→ Description of the task: Quote each line of the material verbatim, without the pictures.

→ Dataset entries:
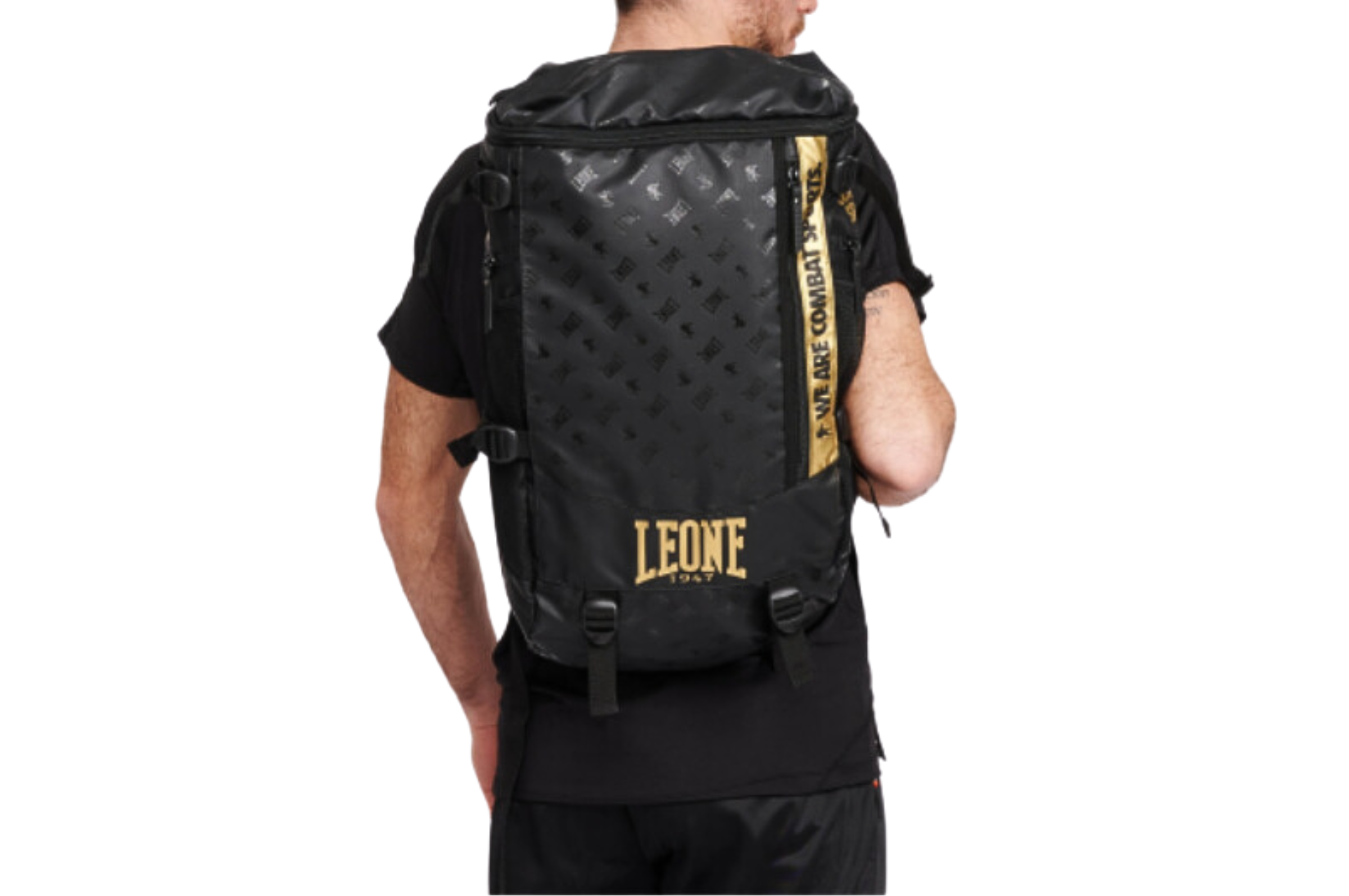 Borsone Training Bag - Nylon - LEONE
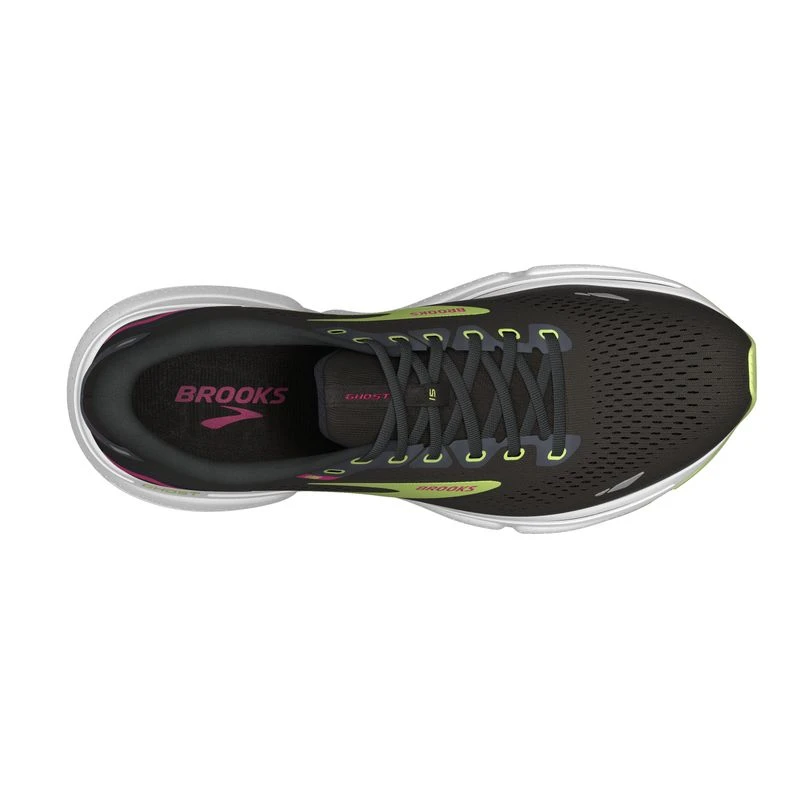 Brooks ghost 5 womens green clearance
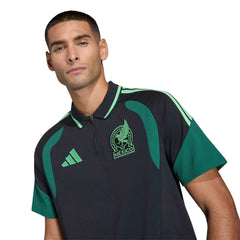 Adidas - 2026 Mexico Men's Tiro Polo Shirt
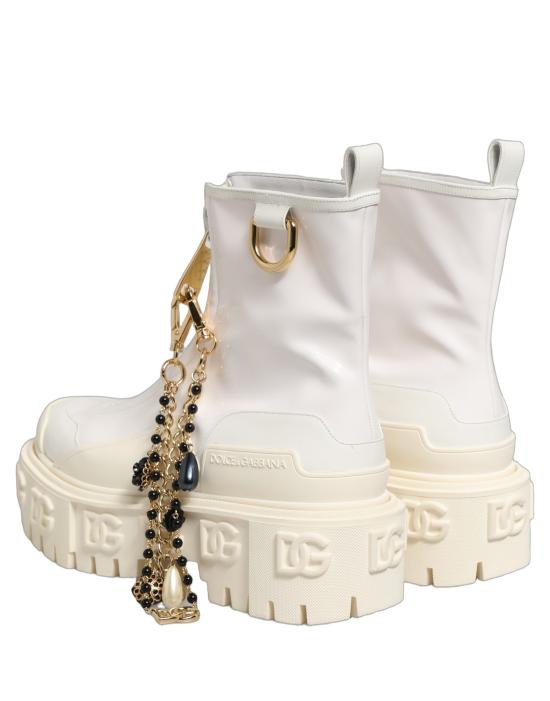  돌체앤가바나 부츠 LA13462 WHITE - DOLCE & GABBANA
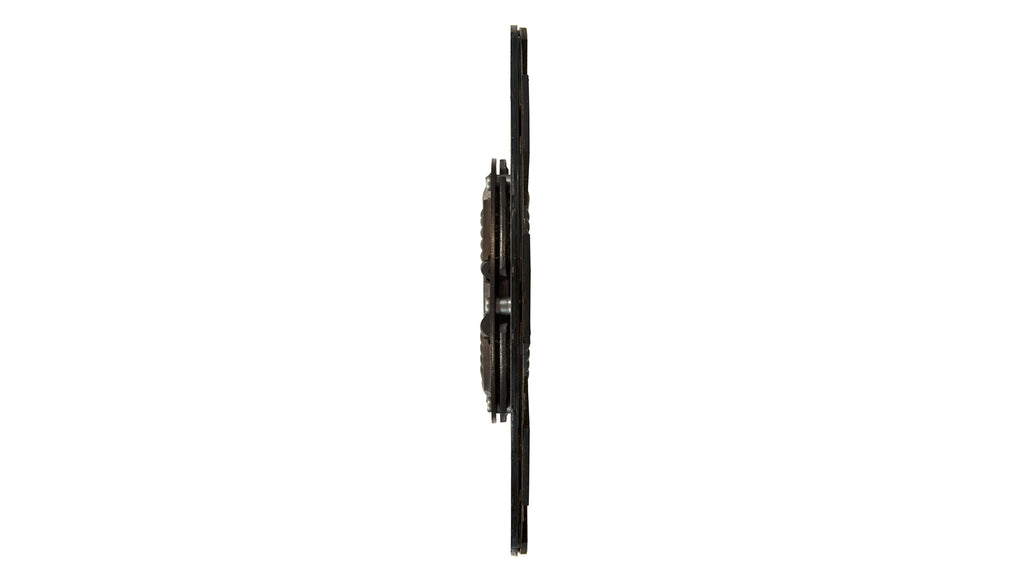 Dual-Friction,-Clutch-Pressure-Plate-And-Disc-Set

→ Your response:
 Borsone Training Bag - Nylon - LEONE
 Brooks ghost 5 womens green clearance
 Adidas - 2026 Mexico Men's Tiro Polo Shirt
  돌체앤가바나 부츠 LA13462 WHITE - DOLCE & GABBANA
 Dual-Friction,-Clutch-Pressure-Plate-And-Disc-Set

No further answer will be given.